- Provided records -
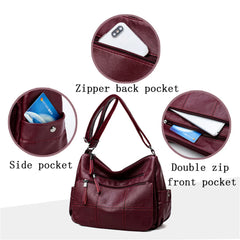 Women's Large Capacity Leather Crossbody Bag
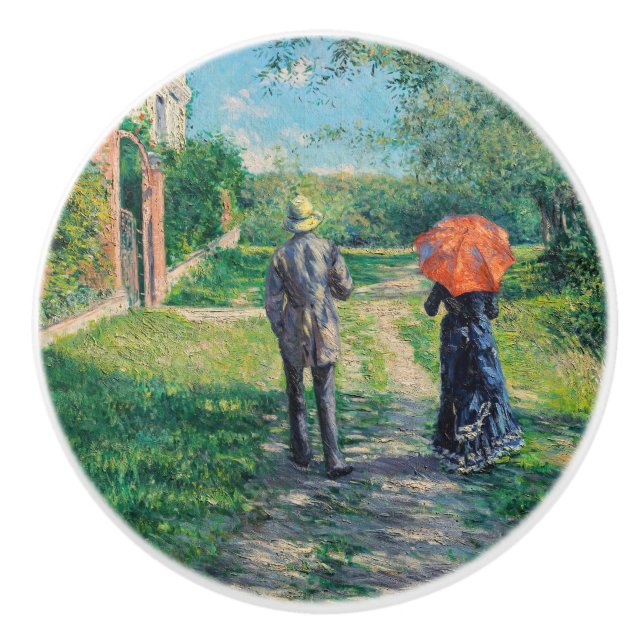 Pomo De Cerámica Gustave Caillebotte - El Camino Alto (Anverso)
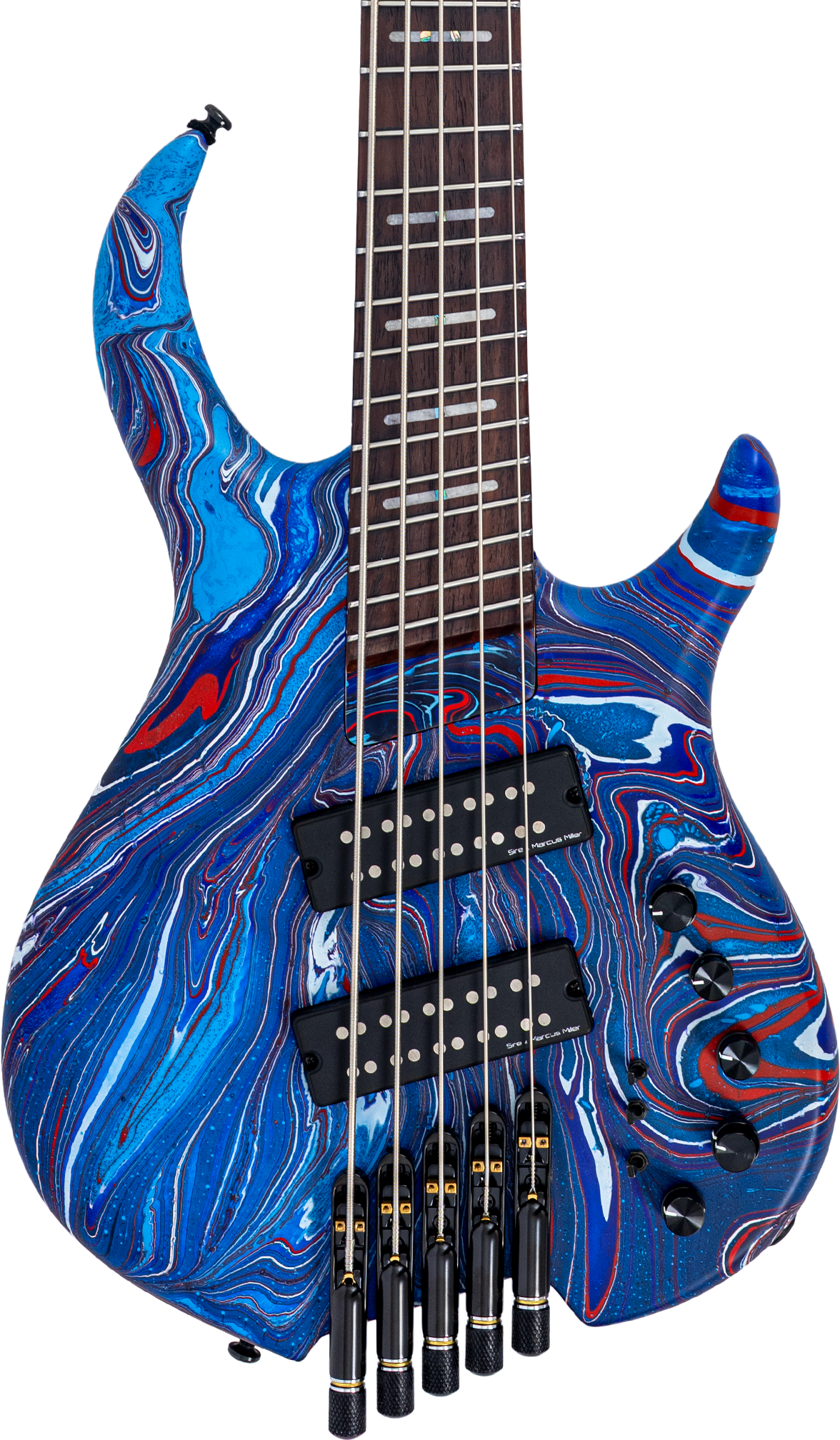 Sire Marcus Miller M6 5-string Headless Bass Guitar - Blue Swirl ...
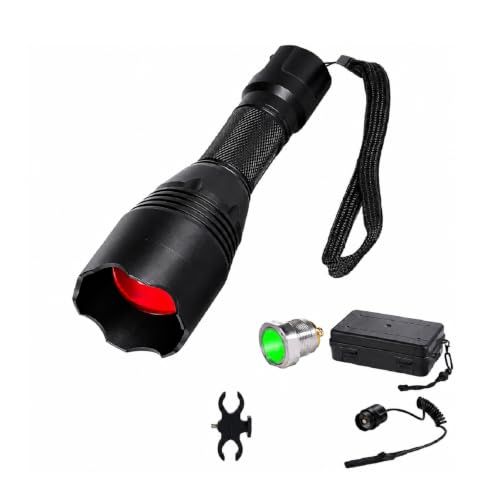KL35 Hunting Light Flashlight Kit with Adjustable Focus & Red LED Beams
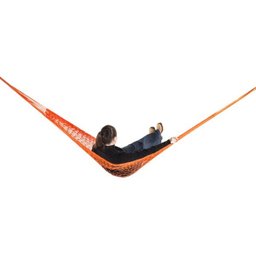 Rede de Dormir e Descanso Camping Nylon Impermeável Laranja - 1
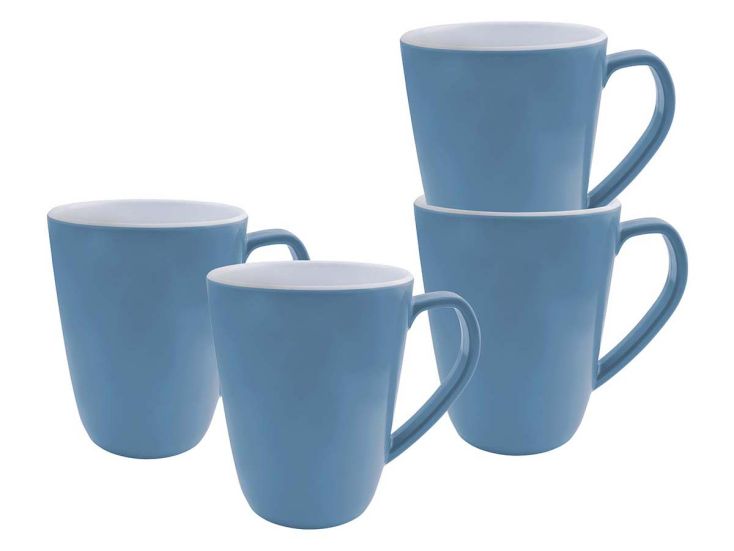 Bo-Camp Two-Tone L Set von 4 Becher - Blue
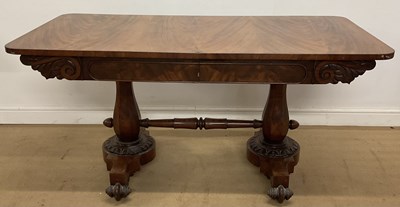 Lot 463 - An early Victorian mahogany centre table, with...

- Task details -
What is needed is a word-for-word restatement of the lines from the one holding "Rede de Dormir" to the final line of the data above, inclusive, without any pictures.

- Your response -
 Rede de Dormir e Descanso Camping Nylon Impermeável Laranja - 1
 Bo-Camp Two-Tone L Set von 4 Becher - Blue
 Lot 463 - An early Victorian mahogany centre table, with...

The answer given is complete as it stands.